A Social Security Administration office building is seen on March 6 in Nashville, Tenn.
George Walker IV
/
AP
A Social Security Administration office building is seen on March 6 in Nashville, Tenn.

Phone calls to local Social Security offices are currently being rerouted to other field offices — often to staff who don't have jurisdiction over the caller's case, employees say.

Disability advocates and experts warn this is making it harder for people to get help.

The latest change is part of the Social Security Administration's ongoing efforts to bring down wait times for phone services.

In a statement to NPR, a spokesperson for the agency said that "the goal of the phone sharing system is to enhance customer service by reducing wait times and addressing customer needs at the first point of contact.

"Under the newly implemented system, calls to local field offices may be routed to available staff at other field offices, regardless of geographic location, to help manage high call volumes."

But Angela Digeronimo, a claims specialist in Woodbridge, N.J., and president of a union that represents employees at 25 offices in the state, told NPR this new system creates a "hit or miss" situation for people calling in to their local office.

Digeronimo said the intention of this change "may have been to not have callers waiting," which is a good thing. But in practice, she said, it delays getting an issue sorted if a caller is rerouted to a local office that can't actually fix their problem.

"If it's someone else's office, the jurisdiction is someone else's," she said. "You can't take action on it because your office does not have the ability to clear that claim. You have to refer it over to the servicing office, which is what the member of the public thought they were doing. So, it gets a little bit cumbersome."

A spokesperson for the agency rebutted the claim that callers are getting routed to offices that can't help.

"All SSA field offices are equipped to handle inquiries and resolve issues for callers, irrespective of where a caller lives or where their case originated," the spokesperson said in a statement. "SSA staff across the country have access to the necessary systems and information to assist with a wide range of Social Security matters."

But Amber Westbrook, a local union chapter president and field office employee in the Chicago region, said that's just not how the system works.

"Our system is very specific to the office that we can do things in," she explained. "So I, physically, if another claim is open in another office, I cannot clear their case. It's just kind of the way that they retain that to make sure that things are accurate and complete."

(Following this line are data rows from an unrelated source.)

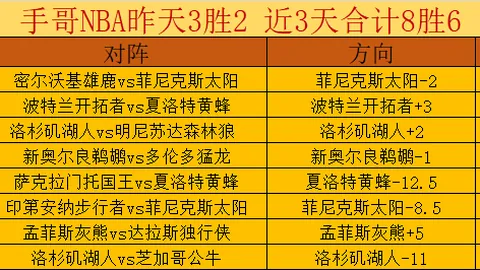“25日奇迹：乌迪仅用25天逆转胜局，净赚22分，是逆袭传奇还是潜在陷阱？”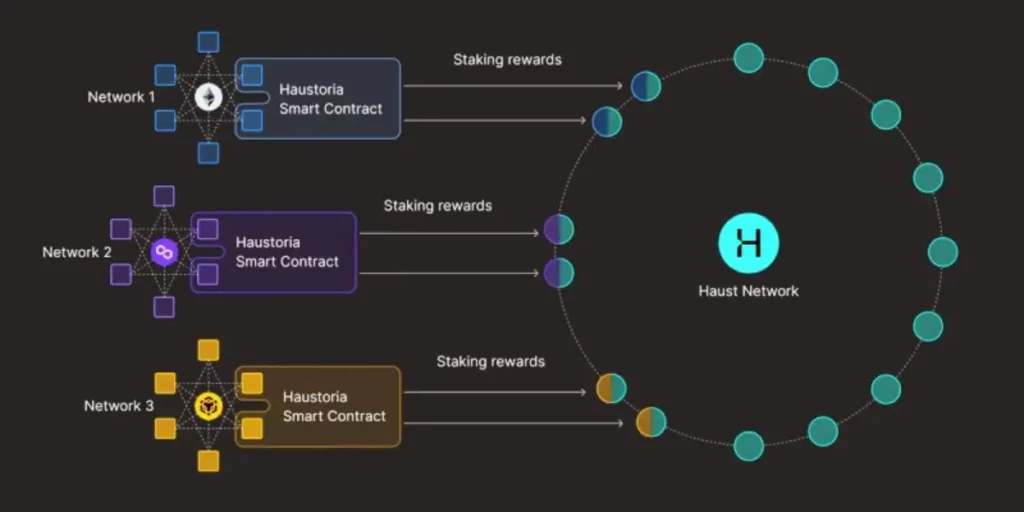 Haust Network: Earn DeFi Yield Effortlessly Through Your Telegram Wallet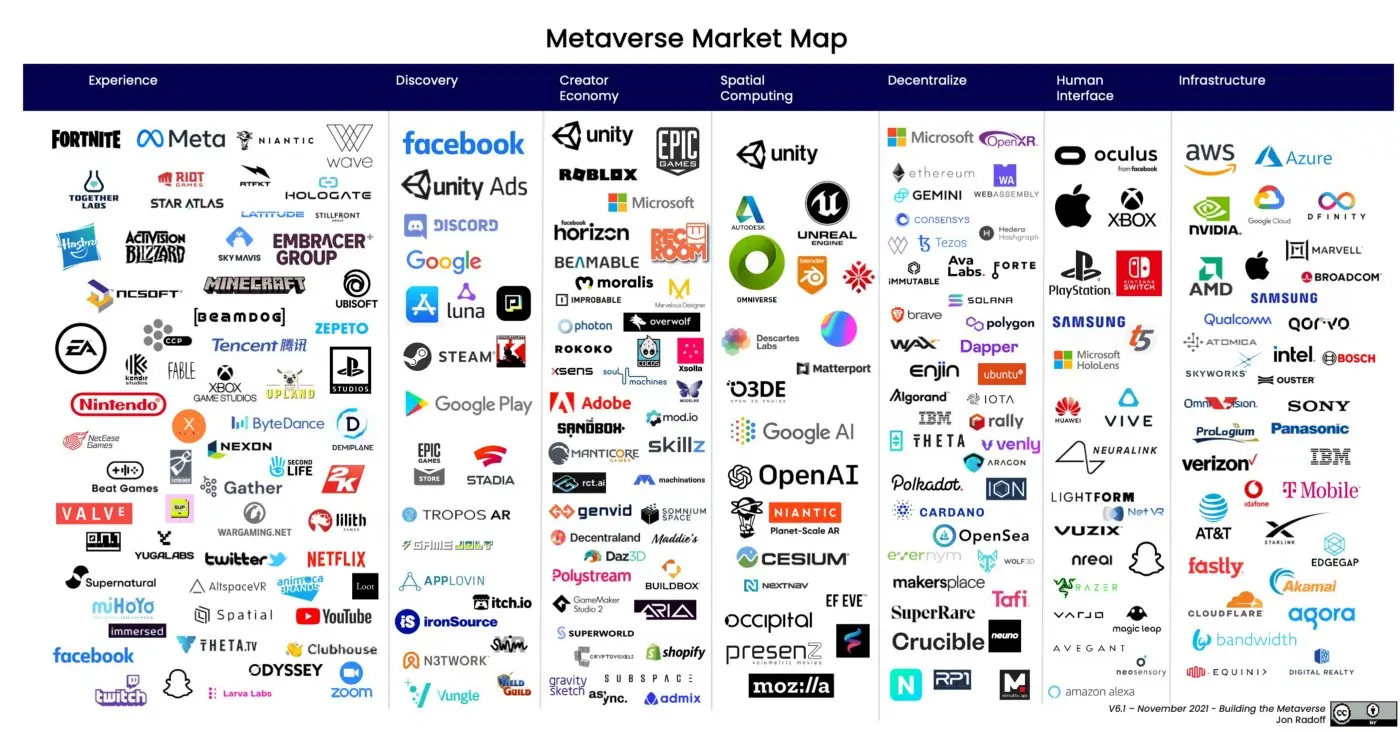 Metaverse เจาะโลกเศรษฐกิจและการลงทุนแห่งอนาคต 4 4 8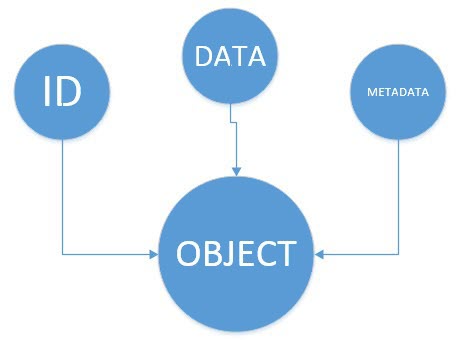 Object storage diagram
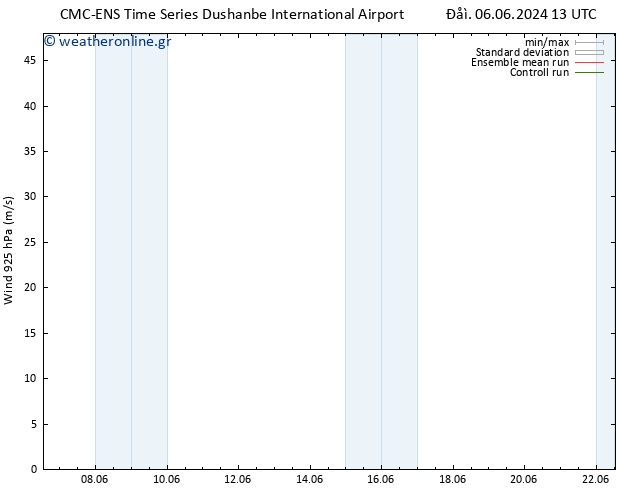  925 hPa CMC TS  15.06.2024 13 UTC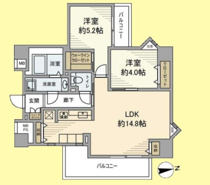 朝日ラ・パリオ等々力台の画像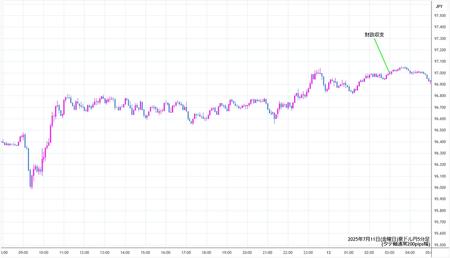 audjpy5min250711.jpg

Westbrook said workers in other field offices may be able to see what's going on with someone's case, but if they're in the wrong jurisdiction they can't "actually take care of the issue."

Jen Burdick, a supervising attorney at Community Legal Services of Philadelphia, said the new phone sharing system is creating a situation where it is taking her group "more time to help people" get and keep Social Security disability benefits.

"I feel like perhaps there was good intentions here, but this is ineffective and this is going to waste more people's time, at least when I am rerouted to another office," she said.

Burdick said she is most concerned, though, about individuals who don't have a representative helping them.

"How does that impact them? Does that make them think that they can't call SSA in the future?" she asked. "I'm worried that it'll undermine confidence in the system."

For employees, Westbrook said there's also been very little communicated about how long this program will be in place.

"They haven't really given us a whole lot of idea of how long this is going to last," she said. "Things [are] changing so rapidly within the agency … something may be different tomorrow than it is today. It's been a whirlwind for people."

Nancy Altman — president of Social Security Works, a group that advocates for the expansion of Social Security — said in past administrations officials would have gotten input from every level before implementing a new system.

"So everyone understands when it's happening, how it's going to happen, what they'll do with overflow and so forth," she said. "Then you announce it to the employees and it's only then that you roll it out to the public."

Altman said phone sharing is also another example of the agency rolling out a new policy without a heads up to the public and stakeholders, which is forcing advocates and beneficiaries to scramble.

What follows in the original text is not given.